Repeat exactly the lines of the material below that run from the "برنامه ی کینگدام" line to the "Datenblatt zu Synergy" line, including both, and do not carry over any pictures.

(Records to process):
****************************************
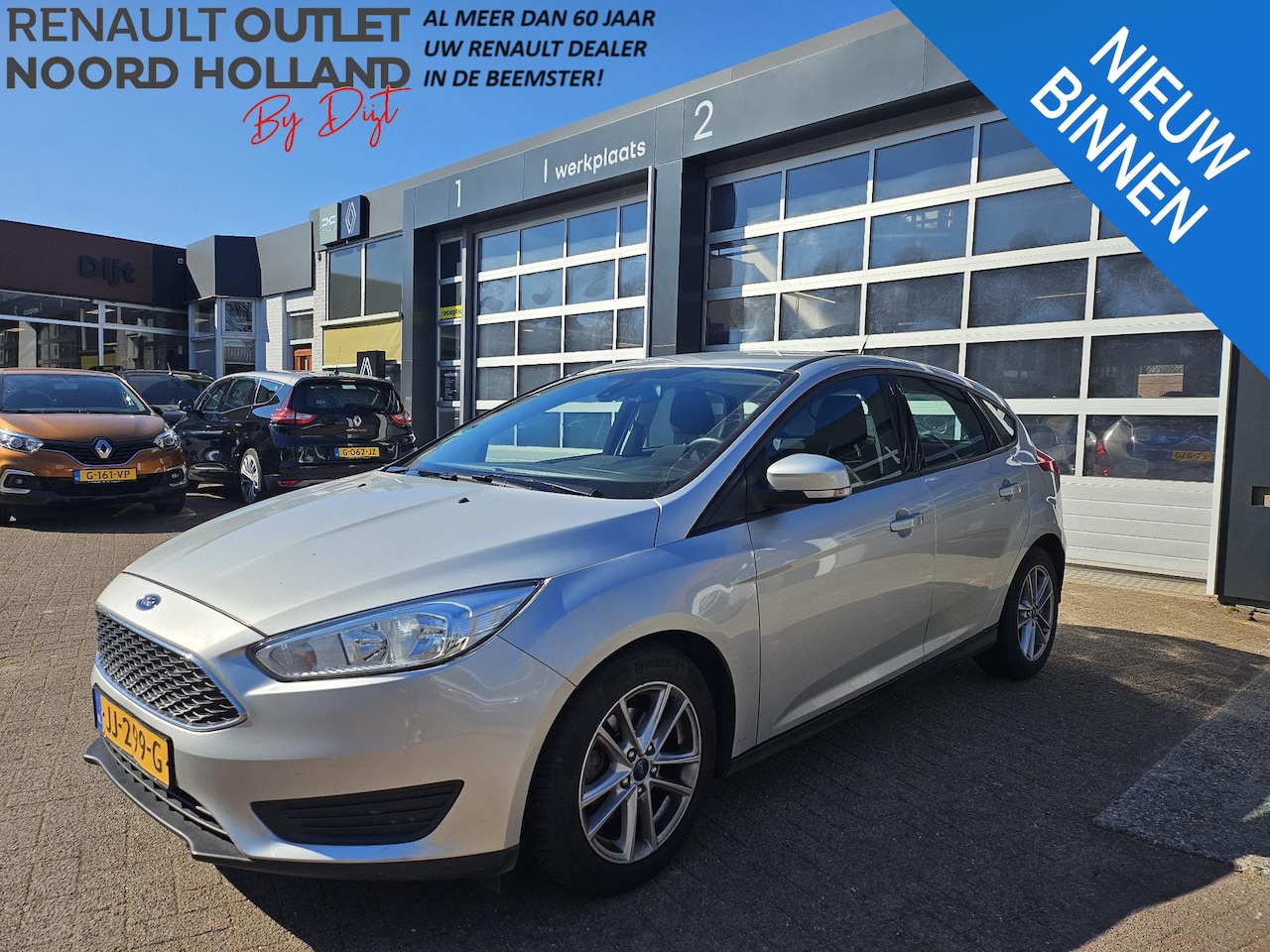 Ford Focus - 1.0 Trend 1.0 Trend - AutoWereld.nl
****************************************
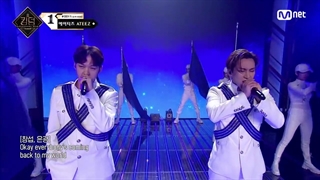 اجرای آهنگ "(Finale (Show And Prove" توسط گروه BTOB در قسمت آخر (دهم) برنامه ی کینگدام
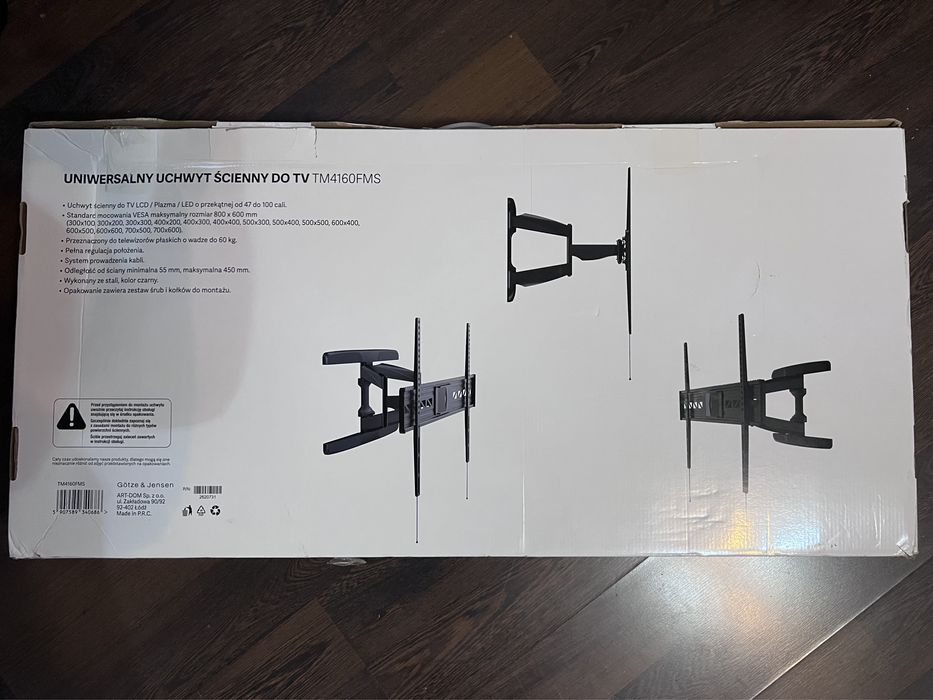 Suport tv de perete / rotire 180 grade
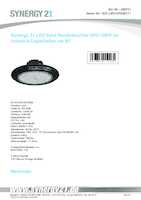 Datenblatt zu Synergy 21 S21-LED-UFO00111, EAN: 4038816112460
****************************************
(Exercise solution):
 اجرای آهنگ "(Finale (Show And Prove" توسط گروه BTOB در قسمت آخر (دهم) برنامه ی کینگدام
 Suport tv de perete / rotire 180 grade
 Datenblatt zu Synergy 21 S21-LED-UFO00111, EAN: 4038816112460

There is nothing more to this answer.